▶ [WHAT YOU WILL DO]: Print out the complete set of records below, exactly as they read.

▶ [MATERIAL PROVIDED]:
============

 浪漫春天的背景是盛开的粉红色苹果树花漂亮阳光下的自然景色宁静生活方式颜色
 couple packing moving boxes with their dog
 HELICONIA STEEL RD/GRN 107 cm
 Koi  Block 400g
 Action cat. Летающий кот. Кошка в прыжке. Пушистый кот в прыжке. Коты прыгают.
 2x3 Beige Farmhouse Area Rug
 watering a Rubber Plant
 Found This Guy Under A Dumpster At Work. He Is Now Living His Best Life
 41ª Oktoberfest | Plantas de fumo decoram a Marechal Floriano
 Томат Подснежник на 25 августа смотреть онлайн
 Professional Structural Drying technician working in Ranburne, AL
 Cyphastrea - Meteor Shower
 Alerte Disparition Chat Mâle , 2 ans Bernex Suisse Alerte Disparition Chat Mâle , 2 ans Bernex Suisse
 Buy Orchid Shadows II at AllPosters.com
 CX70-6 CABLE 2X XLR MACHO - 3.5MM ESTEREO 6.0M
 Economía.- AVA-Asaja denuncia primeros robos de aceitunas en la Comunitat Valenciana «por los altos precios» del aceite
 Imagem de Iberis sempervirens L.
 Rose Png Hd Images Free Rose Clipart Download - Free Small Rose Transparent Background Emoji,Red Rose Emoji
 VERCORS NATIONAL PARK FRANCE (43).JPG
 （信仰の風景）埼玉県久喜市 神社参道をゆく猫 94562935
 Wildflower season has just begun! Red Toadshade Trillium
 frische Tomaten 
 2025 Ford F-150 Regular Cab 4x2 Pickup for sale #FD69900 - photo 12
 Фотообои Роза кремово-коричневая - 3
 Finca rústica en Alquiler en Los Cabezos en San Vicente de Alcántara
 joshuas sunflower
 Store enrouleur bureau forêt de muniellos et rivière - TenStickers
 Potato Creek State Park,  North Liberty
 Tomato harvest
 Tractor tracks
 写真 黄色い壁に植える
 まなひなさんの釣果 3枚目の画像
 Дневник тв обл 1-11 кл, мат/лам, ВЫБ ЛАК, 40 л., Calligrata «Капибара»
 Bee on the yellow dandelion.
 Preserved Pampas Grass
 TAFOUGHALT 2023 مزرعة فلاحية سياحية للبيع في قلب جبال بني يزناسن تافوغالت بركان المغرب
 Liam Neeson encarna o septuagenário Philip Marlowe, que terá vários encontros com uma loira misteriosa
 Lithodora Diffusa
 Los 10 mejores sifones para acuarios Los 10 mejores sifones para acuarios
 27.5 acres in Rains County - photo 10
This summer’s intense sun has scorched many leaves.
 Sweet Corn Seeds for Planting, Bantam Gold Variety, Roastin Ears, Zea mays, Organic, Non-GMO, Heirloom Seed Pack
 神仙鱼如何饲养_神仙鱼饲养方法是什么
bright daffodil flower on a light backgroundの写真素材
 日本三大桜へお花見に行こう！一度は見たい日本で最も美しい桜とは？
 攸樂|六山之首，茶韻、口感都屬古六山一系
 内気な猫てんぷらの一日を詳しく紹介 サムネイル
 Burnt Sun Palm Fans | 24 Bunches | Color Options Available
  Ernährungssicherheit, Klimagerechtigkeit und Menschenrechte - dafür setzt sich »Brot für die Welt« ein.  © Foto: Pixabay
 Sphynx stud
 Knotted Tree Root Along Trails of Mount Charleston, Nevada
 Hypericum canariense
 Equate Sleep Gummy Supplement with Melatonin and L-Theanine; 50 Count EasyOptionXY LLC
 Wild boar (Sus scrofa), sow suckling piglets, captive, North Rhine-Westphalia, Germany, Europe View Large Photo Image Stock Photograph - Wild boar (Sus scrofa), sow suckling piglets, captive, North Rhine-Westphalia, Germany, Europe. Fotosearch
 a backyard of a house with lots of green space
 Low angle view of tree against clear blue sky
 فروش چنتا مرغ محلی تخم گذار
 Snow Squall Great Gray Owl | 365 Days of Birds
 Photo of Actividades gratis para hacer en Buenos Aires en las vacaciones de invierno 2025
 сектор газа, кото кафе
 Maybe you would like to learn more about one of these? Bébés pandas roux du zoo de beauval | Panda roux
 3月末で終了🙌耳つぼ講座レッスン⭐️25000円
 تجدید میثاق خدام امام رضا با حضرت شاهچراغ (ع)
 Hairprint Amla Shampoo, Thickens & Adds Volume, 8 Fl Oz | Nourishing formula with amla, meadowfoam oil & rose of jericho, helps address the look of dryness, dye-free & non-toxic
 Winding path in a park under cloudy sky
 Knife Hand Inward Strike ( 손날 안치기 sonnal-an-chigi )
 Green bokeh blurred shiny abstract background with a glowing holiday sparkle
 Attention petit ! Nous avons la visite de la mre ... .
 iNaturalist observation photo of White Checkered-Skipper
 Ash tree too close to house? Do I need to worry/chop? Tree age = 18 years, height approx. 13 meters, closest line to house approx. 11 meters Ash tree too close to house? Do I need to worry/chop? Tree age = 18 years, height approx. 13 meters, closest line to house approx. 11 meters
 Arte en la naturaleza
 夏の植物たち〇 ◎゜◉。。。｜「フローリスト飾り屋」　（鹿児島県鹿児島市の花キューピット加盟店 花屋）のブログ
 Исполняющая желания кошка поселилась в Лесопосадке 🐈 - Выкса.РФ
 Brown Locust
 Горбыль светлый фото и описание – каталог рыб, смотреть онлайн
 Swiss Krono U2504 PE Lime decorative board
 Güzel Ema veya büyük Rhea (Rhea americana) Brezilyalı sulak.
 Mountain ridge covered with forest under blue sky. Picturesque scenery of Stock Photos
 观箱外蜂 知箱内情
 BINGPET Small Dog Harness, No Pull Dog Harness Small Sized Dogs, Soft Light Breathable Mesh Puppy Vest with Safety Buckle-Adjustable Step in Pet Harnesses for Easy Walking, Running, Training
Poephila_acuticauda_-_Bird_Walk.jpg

============

▶ [ANSWER TO THIS EXERCISE]:
 浪漫春天的背景是盛开的粉红色苹果树花漂亮阳光下的自然景色宁静生活方式颜色
 couple packing moving boxes with their dog
 HELICONIA STEEL RD/GRN 107 cm
 Koi  Block 400g
 Action cat. Летающий кот. Кошка в прыжке. Пушистый кот в прыжке. Коты прыгают.
 2x3 Beige Farmhouse Area Rug
 watering a Rubber Plant
 Found This Guy Under A Dumpster At Work. He Is Now Living His Best Life
 41ª Oktoberfest | Plantas de fumo decoram a Marechal Floriano
 Томат Подснежник на 25 августа смотреть онлайн
 Professional Structural Drying technician working in Ranburne, AL
 Cyphastrea - Meteor Shower
 Alerte Disparition Chat Mâle , 2 ans Bernex Suisse Alerte Disparition Chat Mâle , 2 ans Bernex Suisse
 Buy Orchid Shadows II at AllPosters.com
 CX70-6 CABLE 2X XLR MACHO - 3.5MM ESTEREO 6.0M
 Economía.- AVA-Asaja denuncia primeros robos de aceitunas en la Comunitat Valenciana «por los altos precios» del aceite
 Imagem de Iberis sempervirens L.
 Rose Png Hd Images Free Rose Clipart Download - Free Small Rose Transparent Background Emoji,Red Rose Emoji
 VERCORS NATIONAL PARK FRANCE (43).JPG
 （信仰の風景）埼玉県久喜市 神社参道をゆく猫 94562935
 Wildflower season has just begun! Red Toadshade Trillium
 frische Tomaten 
 2025 Ford F-150 Regular Cab 4x2 Pickup for sale #FD69900 - photo 12
 Фотообои Роза кремово-коричневая - 3
 Finca rústica en Alquiler en Los Cabezos en San Vicente de Alcántara
 joshuas sunflower
 Store enrouleur bureau forêt de muniellos et rivière - TenStickers
 Potato Creek State Park,  North Liberty
 Tomato harvest
 Tractor tracks
 写真 黄色い壁に植える
 まなひなさんの釣果 3枚目の画像
 Дневник тв обл 1-11 кл, мат/лам, ВЫБ ЛАК, 40 л., Calligrata «Капибара»
 Bee on the yellow dandelion.
 Preserved Pampas Grass
 TAFOUGHALT 2023 مزرعة فلاحية سياحية للبيع في قلب جبال بني يزناسن تافوغالت بركان المغرب
 Liam Neeson encarna o septuagenário Philip Marlowe, que terá vários encontros com uma loira misteriosa
 Lithodora Diffusa
 Los 10 mejores sifones para acuarios Los 10 mejores sifones para acuarios
 27.5 acres in Rains County - photo 10
This summer’s intense sun has scorched many leaves.
 Sweet Corn Seeds for Planting, Bantam Gold Variety, Roastin Ears, Zea mays, Organic, Non-GMO, Heirloom Seed Pack
 神仙鱼如何饲养_神仙鱼饲养方法是什么
bright daffodil flower on a light backgroundの写真素材
 日本三大桜へお花見に行こう！一度は見たい日本で最も美しい桜とは？
 攸樂|六山之首，茶韻、口感都屬古六山一系
 内気な猫てんぷらの一日を詳しく紹介 サムネイル
 Burnt Sun Palm Fans | 24 Bunches | Color Options Available
  Ernährungssicherheit, Klimagerechtigkeit und Menschenrechte - dafür setzt sich »Brot für die Welt« ein.  © Foto: Pixabay
 Sphynx stud
 Knotted Tree Root Along Trails of Mount Charleston, Nevada
 Hypericum canariense
 Equate Sleep Gummy Supplement with Melatonin and L-Theanine; 50 Count EasyOptionXY LLC
 Wild boar (Sus scrofa), sow suckling piglets, captive, North Rhine-Westphalia, Germany, Europe View Large Photo Image Stock Photograph - Wild boar (Sus scrofa), sow suckling piglets, captive, North Rhine-Westphalia, Germany, Europe. Fotosearch
 a backyard of a house with lots of green space
 Low angle view of tree against clear blue sky
 فروش چنتا مرغ محلی تخم گذار
 Snow Squall Great Gray Owl | 365 Days of Birds
 Photo of Actividades gratis para hacer en Buenos Aires en las vacaciones de invierno 2025
 сектор газа, кото кафе
 Maybe you would like to learn more about one of these? Bébés pandas roux du zoo de beauval | Panda roux
 3月末で終了🙌耳つぼ講座レッスン⭐️25000円
 تجدید میثاق خدام امام رضا با حضرت شاهچراغ (ع)
 Hairprint Amla Shampoo, Thickens & Adds Volume, 8 Fl Oz | Nourishing formula with amla, meadowfoam oil & rose of jericho, helps address the look of dryness, dye-free & non-toxic
 Winding path in a park under cloudy sky
 Knife Hand Inward Strike ( 손날 안치기 sonnal-an-chigi )
 Green bokeh blurred shiny abstract background with a glowing holiday sparkle
 Attention petit ! Nous avons la visite de la mre ... .
 iNaturalist observation photo of White Checkered-Skipper
 Ash tree too close to house? Do I need to worry/chop? Tree age = 18 years, height approx. 13 meters, closest line to house approx. 11 meters Ash tree too close to house? Do I need to worry/chop? Tree age = 18 years, height approx. 13 meters, closest line to house approx. 11 meters
 Arte en la naturaleza
 夏の植物たち〇 ◎゜◉。。。｜「フローリスト飾り屋」　（鹿児島県鹿児島市の花キューピット加盟店 花屋）のブログ
 Исполняющая желания кошка поселилась в Лесопосадке 🐈 - Выкса.РФ
 Brown Locust
 Горбыль светлый фото и описание – каталог рыб, смотреть онлайн
 Swiss Krono U2504 PE Lime decorative board
 Güzel Ema veya büyük Rhea (Rhea americana) Brezilyalı sulak.
 Mountain ridge covered with forest under blue sky. Picturesque scenery of Stock Photos
 观箱外蜂 知箱内情
 BINGPET Small Dog Harness, No Pull Dog Harness Small Sized Dogs, Soft Light Breathable Mesh Puppy Vest with Safety Buckle-Adjustable Step in Pet Harnesses for Easy Walking, Running, Training
Poephila_acuticauda_-_Bird_Walk.jpg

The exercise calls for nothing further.